> DATA SECTION
---

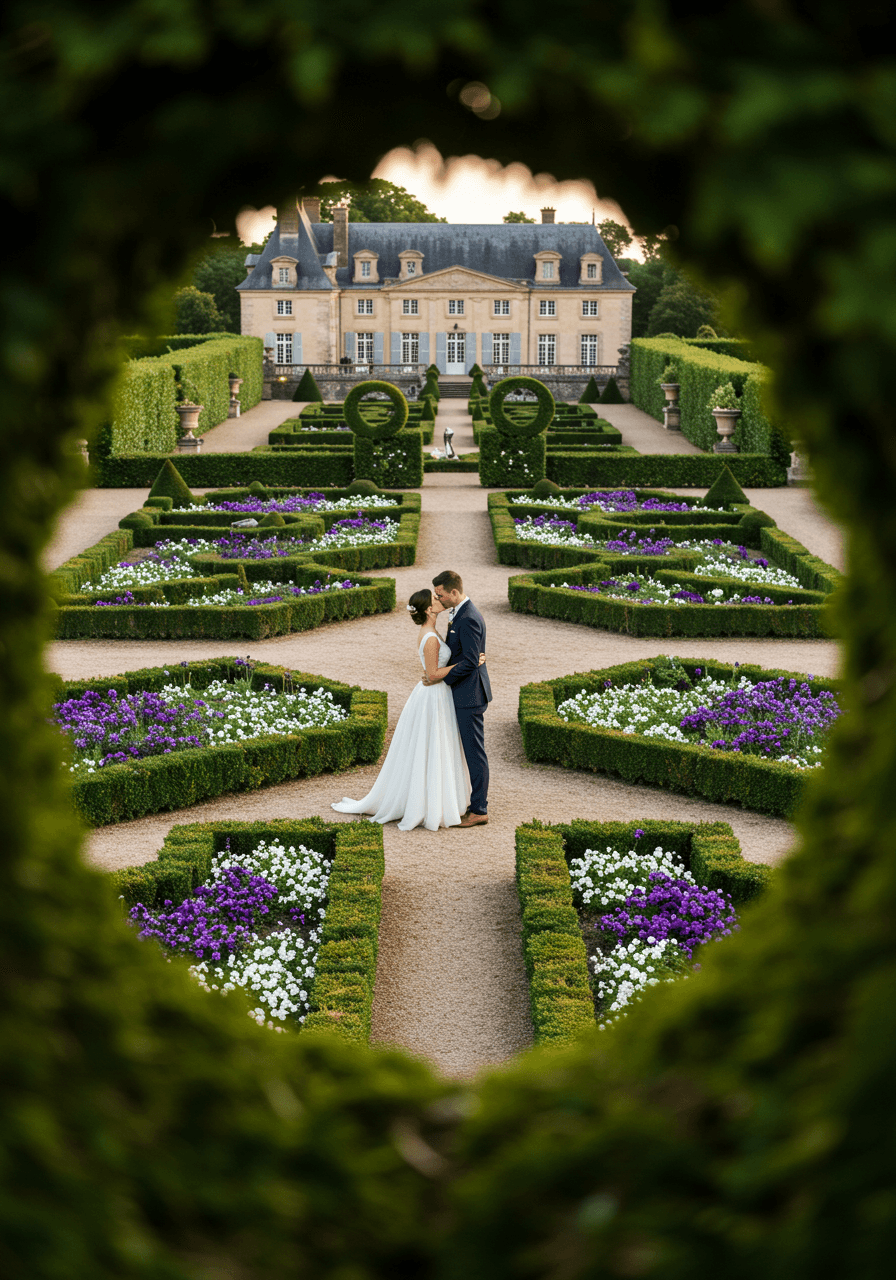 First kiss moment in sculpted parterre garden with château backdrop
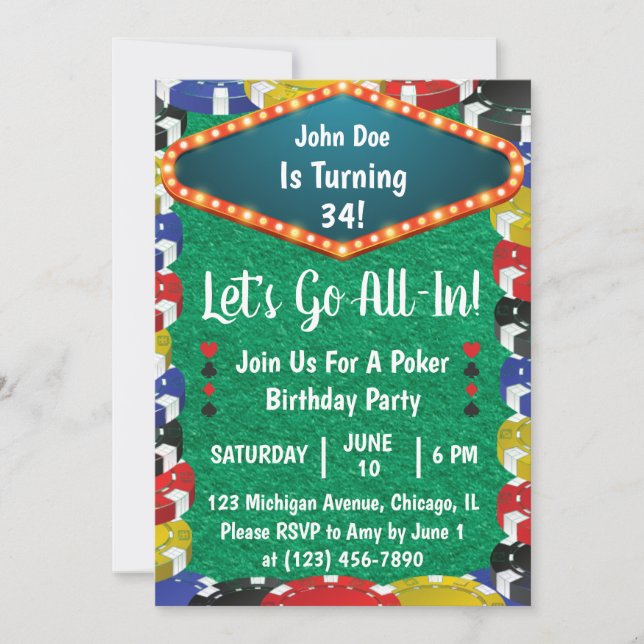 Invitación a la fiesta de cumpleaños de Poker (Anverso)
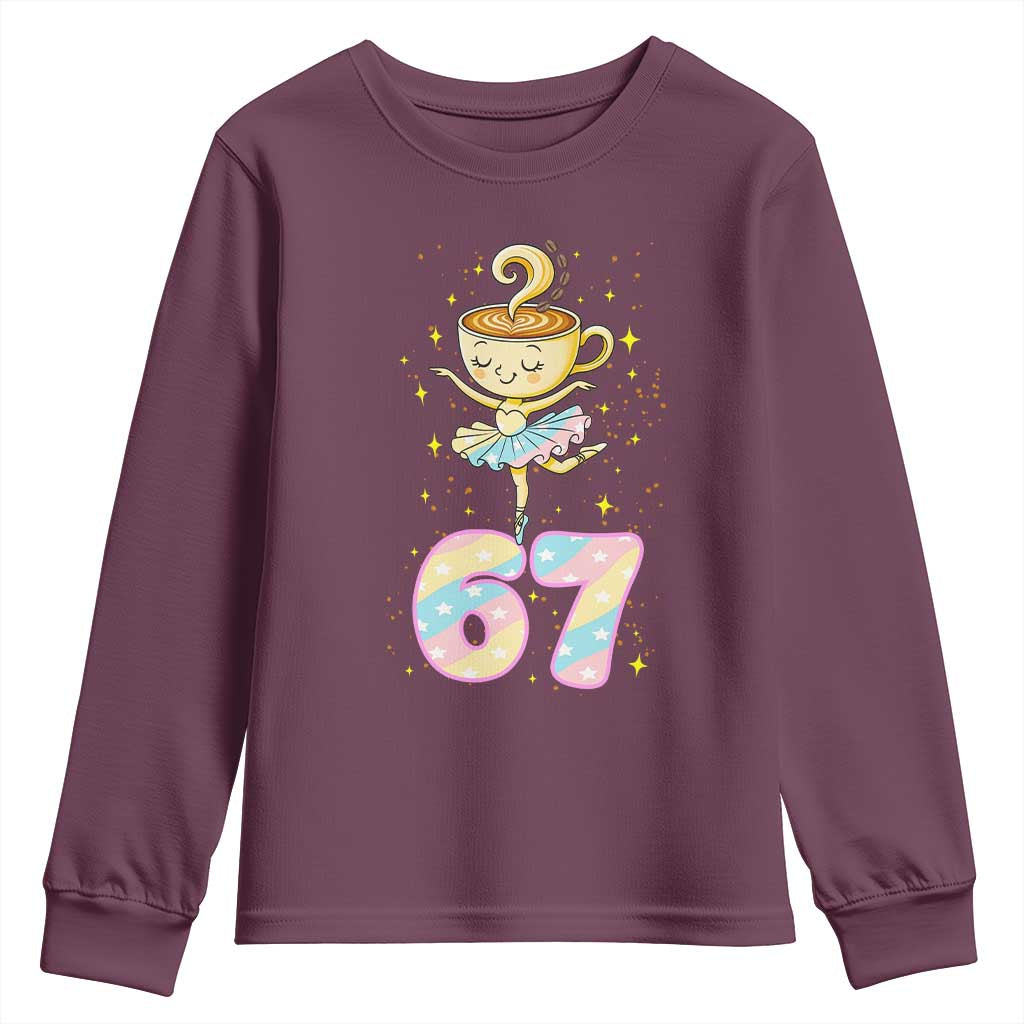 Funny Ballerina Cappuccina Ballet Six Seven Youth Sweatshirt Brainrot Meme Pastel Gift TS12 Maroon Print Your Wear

---

Without the pictures, write out the whole listing above exactly as it appears.

> RESPONSE
 First kiss moment in sculpted parterre garden with château backdrop
 Invitación a la fiesta de cumpleaños de Poker (Anverso)
 Funny Ballerina Cappuccina Ballet Six Seven Youth Sweatshirt Brainrot Meme Pastel Gift TS12 Maroon Print Your Wear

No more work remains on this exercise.